Like most programming languages, the SAS/IML language has many functions. However, the SAS/IML language also has quite a few operators. Operators can act on a matrix or on rows or columns of a matrix. They are less intuitive, but can be quite powerful because they enable you perform computations without writing a DO loop. This article describes the elementwise minimum and maximum operators.
Recently I wrote about how to use subscript operators to compute the min or max of a row or column of a data matrix. These min/max operators are two examples of subscript operators that perform row and column operations on a data matrix. Other subscript operators enable you to compute the sum, mean, and sum of squares for rows or columns of a matrix.
But what if you need to compare the values across two different matrices? To paraphrase a popular ad campaign, "there's an op for that!"
The elementwise minimum operator
Here's an example that illustrate how the elementwise minimum operator works. Suppose that there is a teacher who always gives a bonus question on her quizzes and tests. Quizzes are worth 50 points, tests are worth 100 points, and the bonus question is worth 5 points. However, the teacher does not allow any student to score more than 50 points on a quiz or more than 100 points on a test.
The following SAS/IML statements define the raw scores for three students in the class:
proc iml; Test = {"Quiz1" "Test1" "Quiz2" "Test2"}; Name = {"Rita", "Sam", "Tim"}; x = {55 105 50 105, 45 95 55 90, 15 100 55 105}; print x[r=Name c=Test L="Raw Scores"]; |
You can see that on several occasions a student has answered all questions correctly, including the bonus question.
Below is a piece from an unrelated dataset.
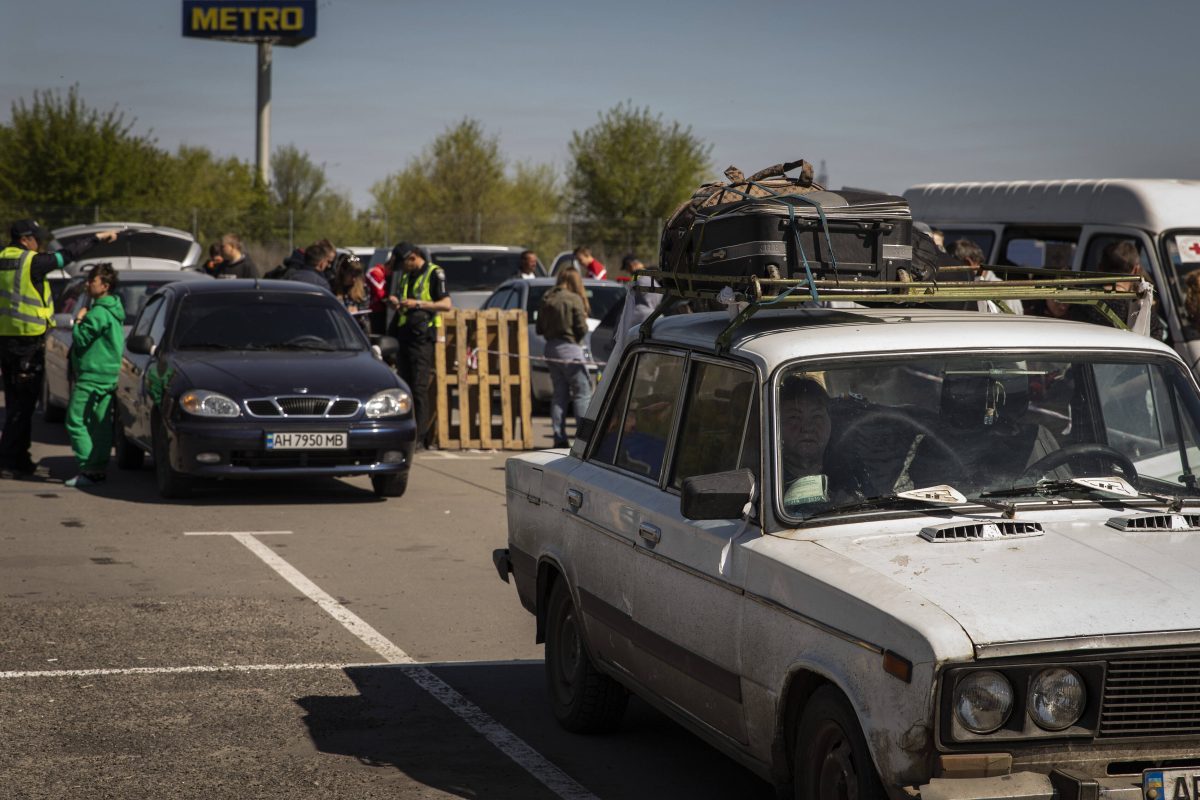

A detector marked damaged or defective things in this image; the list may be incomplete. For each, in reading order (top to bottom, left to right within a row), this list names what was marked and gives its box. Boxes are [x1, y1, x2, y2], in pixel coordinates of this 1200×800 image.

cracked car hood [812, 512, 1200, 648]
The teacher wants to cap the scores at some maximum value. The elementwise minimum operator (><) is an easy way to perform this operation. To ensure that 100 is the maximum possible score, the teacher could apply the >< operator, just as in the SAS DATA step:
trunc100 = x >< 100; /* result is minimum of x[i,j] and 100 */ print trunc100[r=Name c=Test L="Max Score = 100"]; |
Now the maximum value of any cell is 100. However, columns 1 and 3 represent quiz scores, so they need to be truncated at the maximum value of 50. You might be tempted to loop over the columns and use the CHOOSE function to cap the maximum value of each column, as follows:
target = {50 100 50 100}; /* target[i] is max allowed value of column i */ A = j(nrow(x), ncol(x)); /* allocate new matrix for results */ do j = 1 to 4; A[,j] = choose(x[,j] > target[j], target[j], x[,j]); end; |
However, the elementwise minimum operator enables you to compute the result without writing a loop. Because the target vector is a row vector with four columns, the following statement returns a matrix where element (i,j) is the minimum of A[i,j] and target[j]:
A = (x >< target); /* target[j] is max allowed value of column j */ print A[r=Name c=Test L="Adjusted Scores"]; |
The elementwise maximum operator
In a similar way, the elementwise maximum operator (<>) enables the teacher to set the smallest possible value for a test score. The teacher might decide that extremely low scores are unduly influential when computing the average grade, so she might decide to make 25 the lowest possible score, as follows:
B = A <> 25; /* result is maximum of A[i,j] and 25 */ |
The elementwise minimum and maximum operators work when the second matrix is a scalar, a row vector, a column vector, or a matrix.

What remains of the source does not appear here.